A palindrome is a word, phrase, number, or other sequence of characters which reads the same backwards as it does forward.

I’ve come across this challenge many times, so I’ve decided to post my default solution to this particular variation.

Problem

Design an function that, given a string, returns true if the string is a palindrome and false if it is not.

Constraints

  1. The string may contain spaces and punctuation, but they are not considered when detecting palindromeness. Just ignore them.
  2. The string may contain numbers, but must contain at least one letter.
  3. Consider all alphanumeric characters.

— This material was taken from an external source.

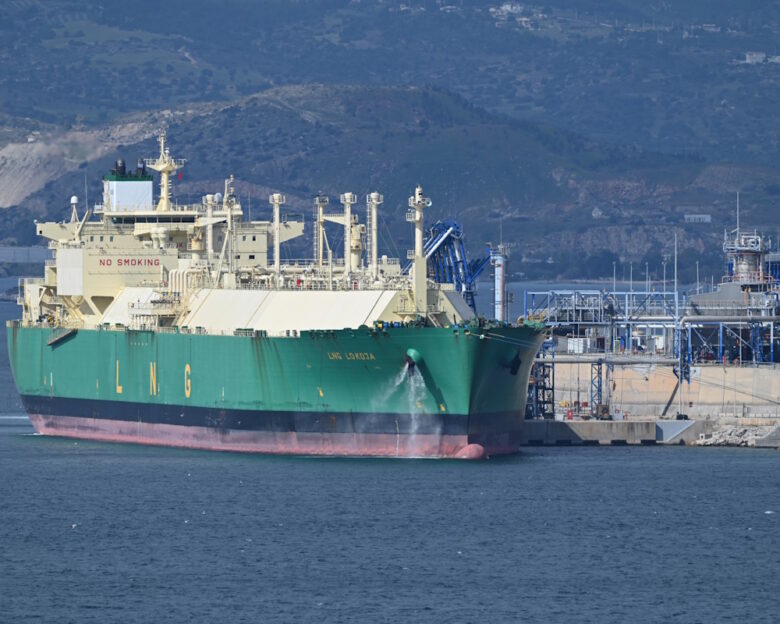 The tanker LNG LOKOJA, which departs from the Port of Bonny, Nigeria, unloads Nigerian LNG at the Revithoussa terminal near Athens, Greece, on February 22, 2026. Cargoes from Nigeria contribute to the diversification of European gas supplies and strengthen energy security in the post-Russian gas market. (Photo by Nicolas Koutsokostas/NurPhoto)NO USE FRANCE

The string must be the same backwards as it is normally.
  4. When developing your algorithm, try to take performance into account.

Solution

function isPalindrome(phrase = '') {
  // must contain at least one letter.
  if (!/[A-Za-z]/i.test(phrase)) return false;
  
  const sanitized = phrase.replace(/\W/g, '') // strip spaces and punctuation
                          .toLowerCase();     // normalize
  const reverse = [...sanitized]              // break letters into array
                      .reverse()              // reverse letters
                      .join('');              // put it back into string
  return sanitized === reverse;
}

Try it

Breakdown

The function takes one argument phrase and it uses the RegEx.test method to make sure that we have at least one letter, per the requirements.

Assuming we have a phrase that has at least 1 letter, I strip all spaces and punctuation from phrase using String.replace with the regular expression (\W) which is equivalent to [^A-Za-z0–9_]. Next, we use String.toLowerCase to transform this sanitized string into its’ lower case version. This will facilitate the comparison with the original phrase.

After storing the normalized string (e.g. sanitized), I move on to reversing that string so that I can compare it with the “original”. I use the spread syntax to convert each letter into an array of letters.

I do not use String.split because the string is not split between each user-perceived character (grapheme cluster) or between each unicode character (codepoint) but between each UTF-16 codeunit.

Once I have every character in an array form, I can use the Array.reverse and Array.join methods to reverse the order of the characters and produce a string in reverse order.

Finally we can return the result of a condition that tests if the normalized version of phrase is equal to the reversed version of that normalized version.